For himself, he agreed. Wagner had a mean soul, and it showed. He was evil in his anti-Semitism and his other racial attitudes. Therefore he could not be a genius, for all the burnish and glitter of his music.
He had spent much of the war in Kuibyshev with his family. They were safe there, and once his mother was out of Leningrad and able to join them, he became less anxious. Also, there were fewer cats sharpening their claws on his soul. Of course, as a patriotic member of the Union of Composers, he was often required in Moscow. He would pack enough garlic sausage and vodka to last the journey. ‘The best bird is the sausage,’ as they said in the Ukraine. The trains would stop for hours, sometimes days; you never knew when sudden troop movements or a lack of coal would interrupt your journey.
He travelled soft class, which was just as well, as the carriages of hard class were like wards of potential typhus cases. To prevent infection, he wore an amulet of garlic around his neck, and another around each wrist. ‘The smell will put off girls,’ he would explain, ‘but such sacrifices have to be made in wartime.’
Once, he had been travelling back from Moscow with … no, he couldn’t recall. A couple of days out, the train had stopped on some long, dusty platform. They had opened the window and poked their heads out. The early-morning sun was in their eyes and the filthy song of some raucous beggar in their ears. Had they given him some sausage? Vodka? A few kopecks? Why did he half-remember this station, this beggar among thousands of others? Was it to do with a joke? Had one of them made a joke? But which one? No, it was no good.

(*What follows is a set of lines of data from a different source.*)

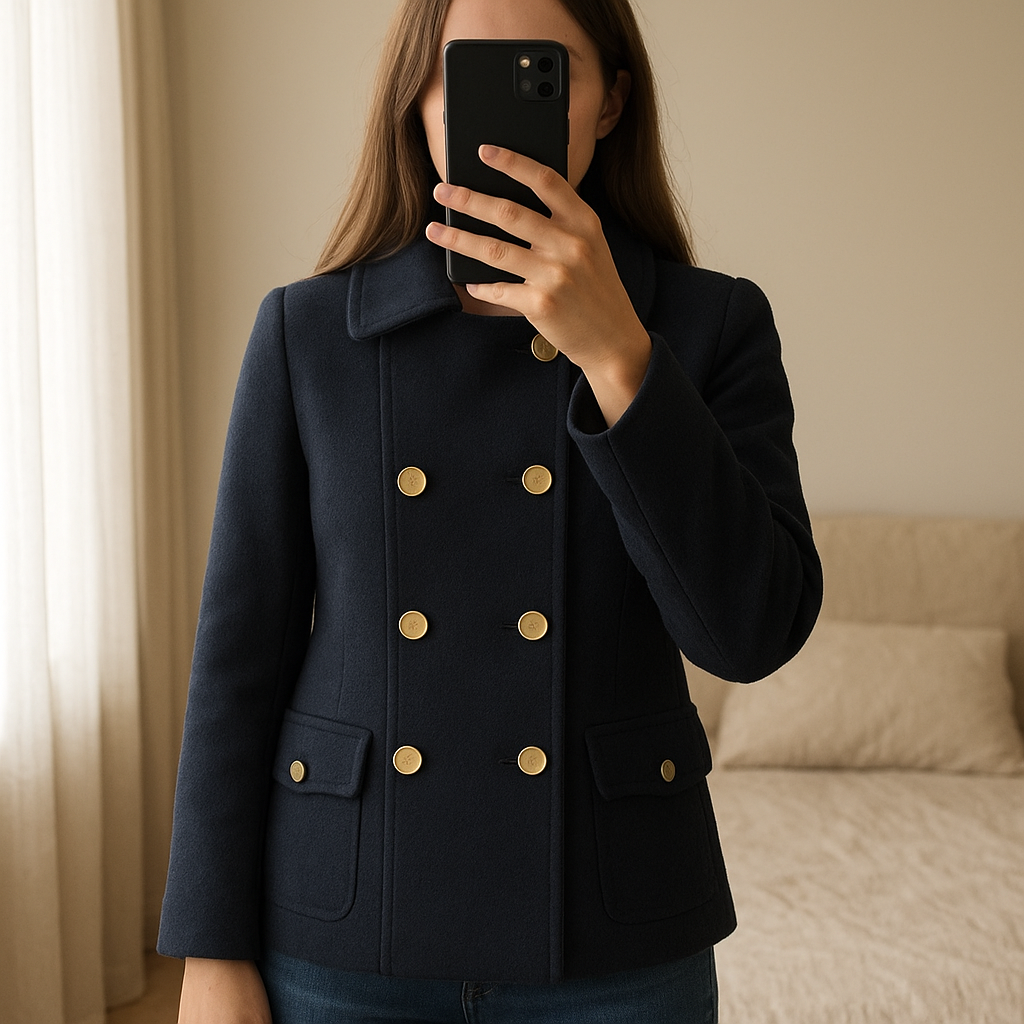 Women’s Plus Size 20 Yours Clothing BNWT Navy Coat standing straight facing the camera, in a softly lit bedroom setting, with gentle natural light filtering through a window.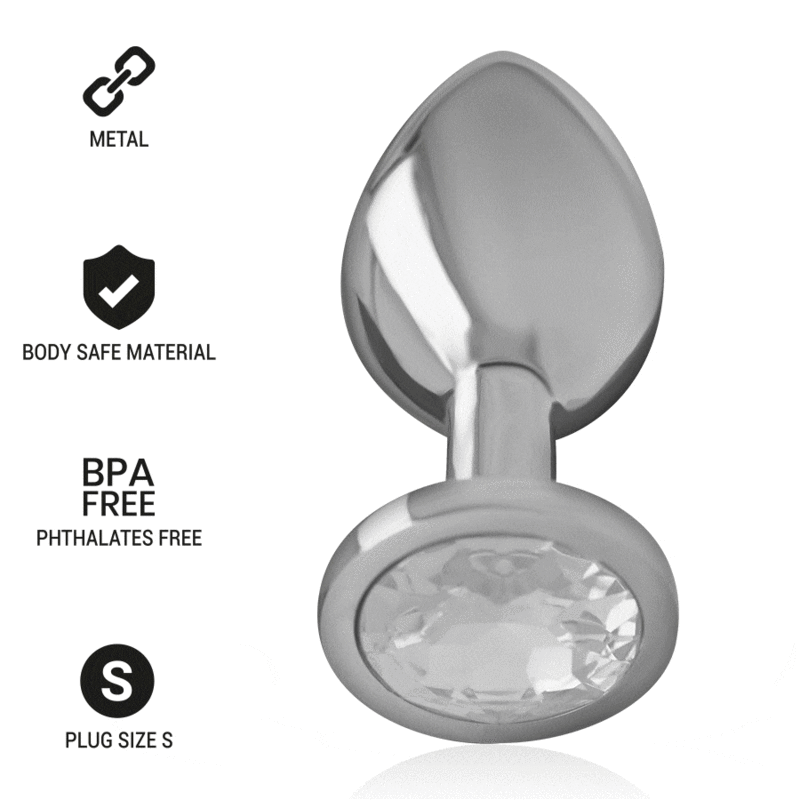 INTENSE - ANALPLUG AUS ALUMINIU MMETALL MIT SILBERNEM KRISTALL, GRÖSSE S – Bild 4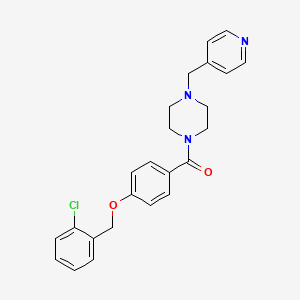 molecular formula C24H24ClN3O2 B11305864 {4-[(2-Chlorobenzyl)oxy]phenyl}[4-(pyridin-4-ylmethyl)piperazin-1-yl]methanone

He couldn’t bring to mind the beggar’s barrack-room obscenities. What came back to him instead was a soldiers’ song from the previous century. He didn’t know the tune, just the words he’d once found, glancing through Turgenev’s letters:
Russia, my cherished mother,
She doesn’t take anything by force;
She only takes things willingly surrendered
While holding a knife to your throat.
Turgenev was not to his literary taste: too civilised, not fantastical enough. He preferred Pushkin and Chekhov, and Gogol best of all. But even Turgenev, for all his faults, had a true Russian pessimism. Indeed, he understood that to be Russian was to be pessimistic. He had also written that, however much you scrubbed a Russian, he would always remain a Russian. That was what Karlo-Marlo and their descendants had never understood. They wanted to be engineers of human souls; but Russians, for all their faults, were not machines. So it was not really engineering they were up to, but scrubbing. Scrub, scrub, scrub, let’s wash away all this old Russianness and paint a shiny new Sovietness on top. But it never worked — the paint began to flake off almost as soon as it was applied.